Problem description: What are the lines from the one containing "New Jersey salute flyover" through the last line of the records below? Return them exactly, leaving out pictures.

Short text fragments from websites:
# # #
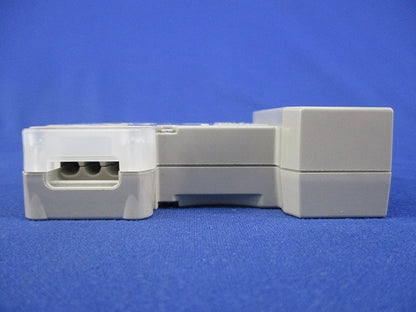 アース付抜け止めダブルコンセント DC8042E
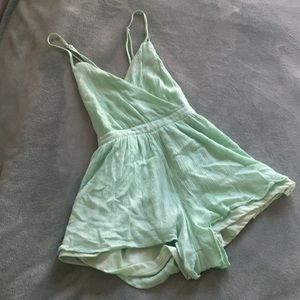 Honey Punch romper small
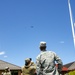 New Jersey salute flyover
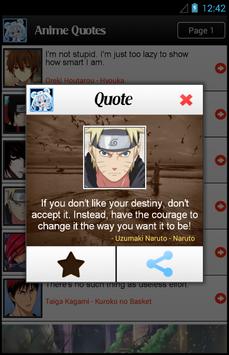 Anime Quotes And Jokes For Android Apk Download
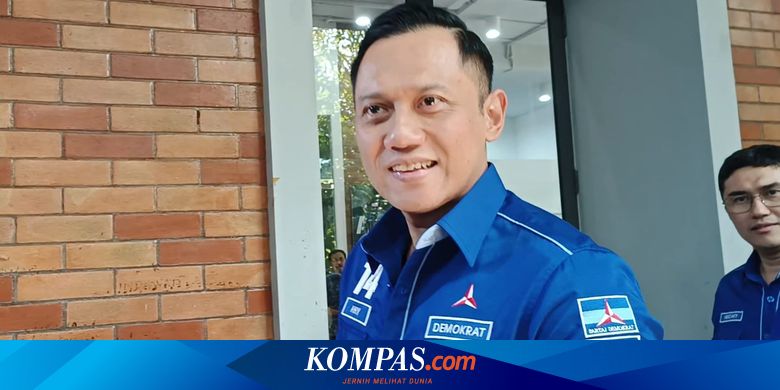 Demokrat Bantah AHY Sudah Bertemu Prabowo Usai "Move On" dari KPP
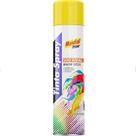 Tinta Spray Uso Geral Amarelo Bandeira 400ml Mundial Prime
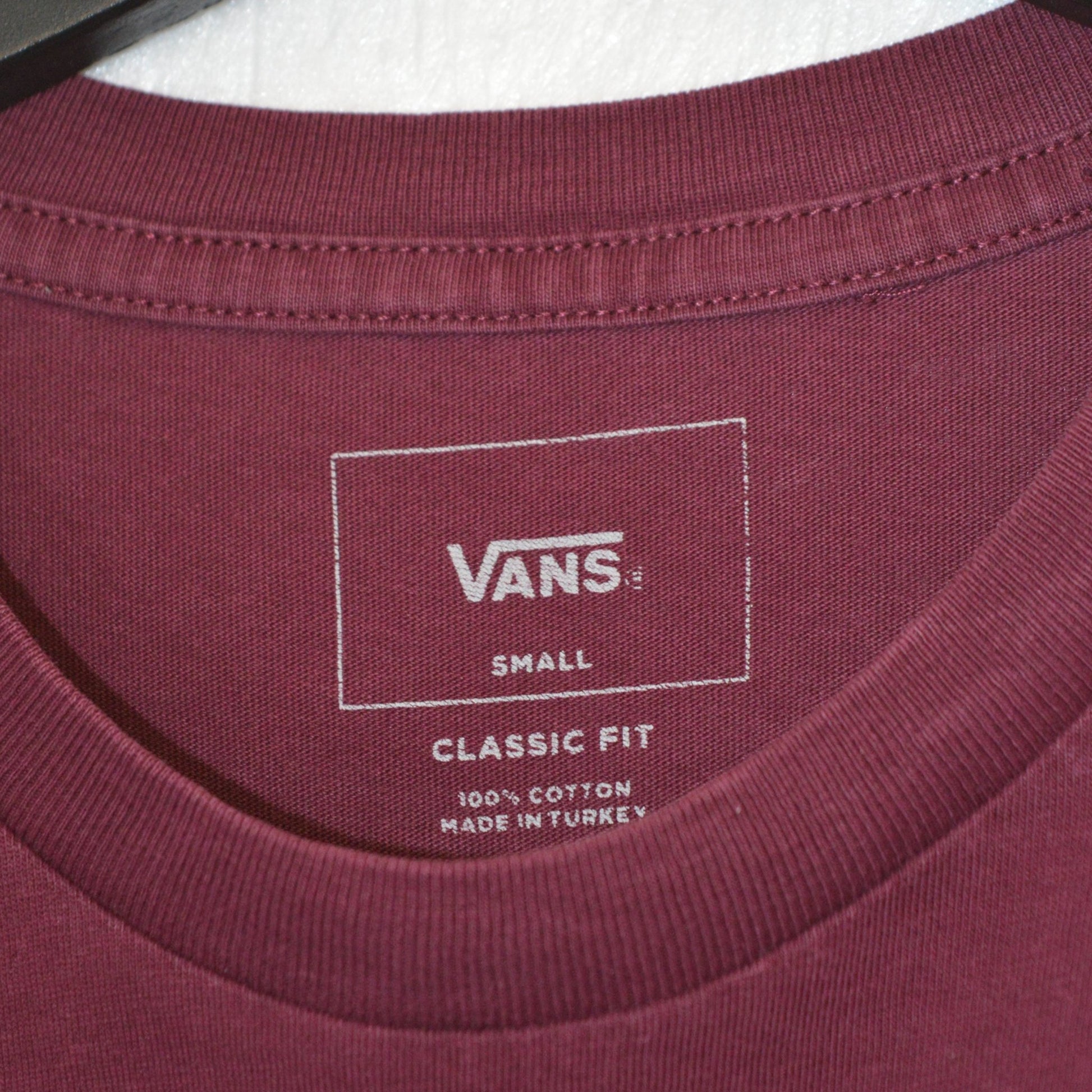 Vans тениска (S)
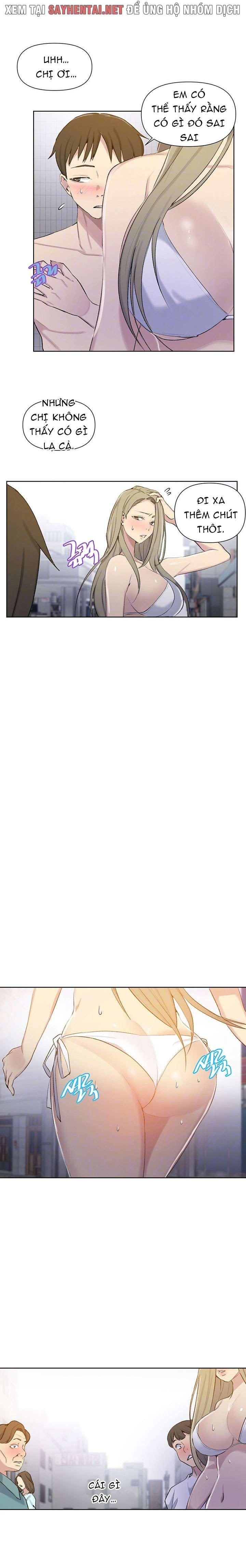 đọc truyện Lớp Học Bí Mật - Secret Class (hot) Chương 51 ảnh 3 tại Thiên Thai Truyện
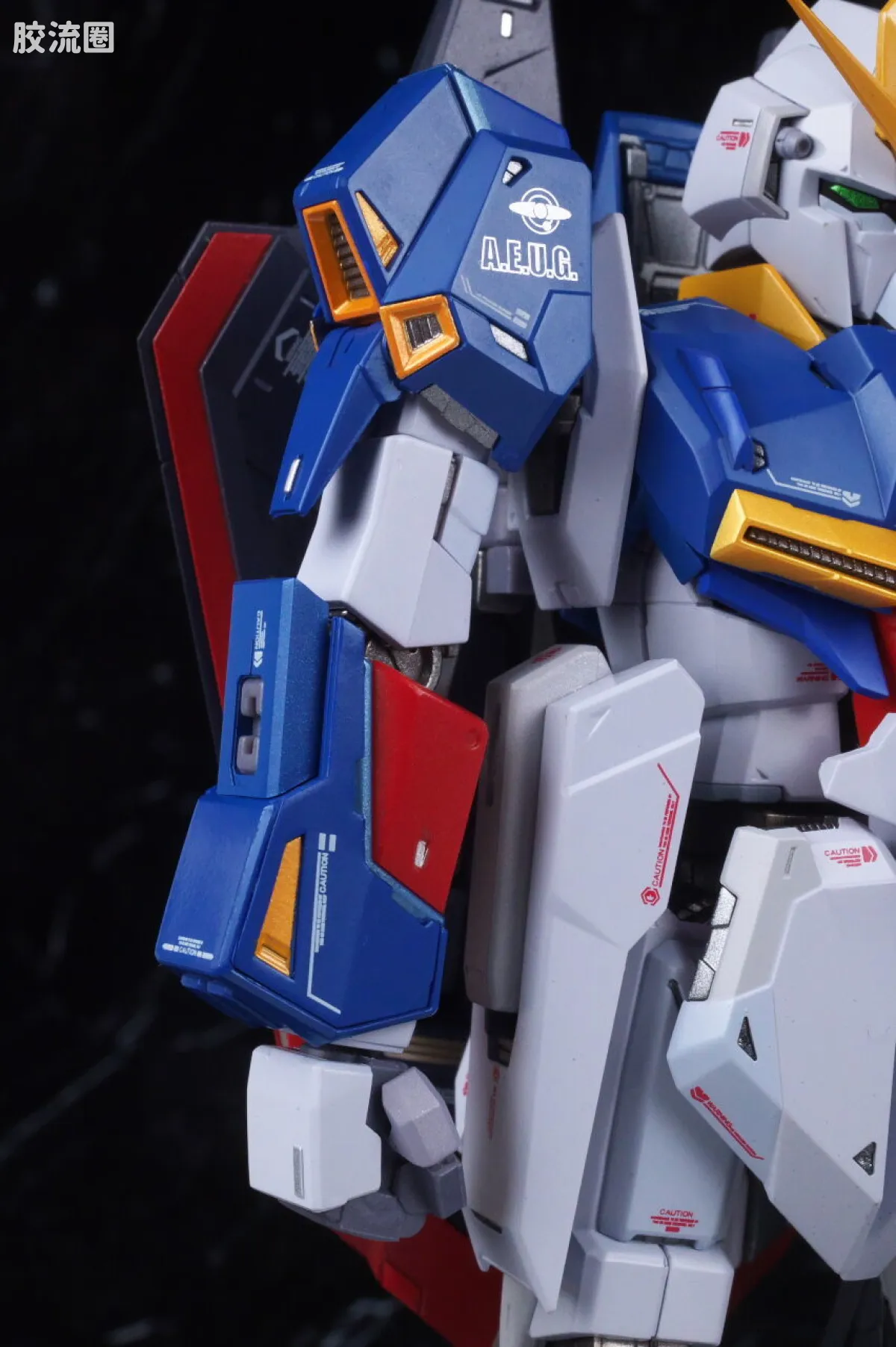 METAL BUILD 普通版 Z高达 - 图片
# # #
Response to this task:
 New Jersey salute flyover
 Anime Quotes And Jokes For Android Apk Download
 Demokrat Bantah AHY Sudah Bertemu Prabowo Usai "Move On" dari KPP
 Tinta Spray Uso Geral Amarelo Bandeira 400ml Mundial Prime
 Vans тениска (S)
 đọc truyện Lớp Học Bí Mật - Secret Class (hot) Chương 51 ảnh 3 tại Thiên Thai Truyện
 METAL BUILD 普通版 Z高达 - 图片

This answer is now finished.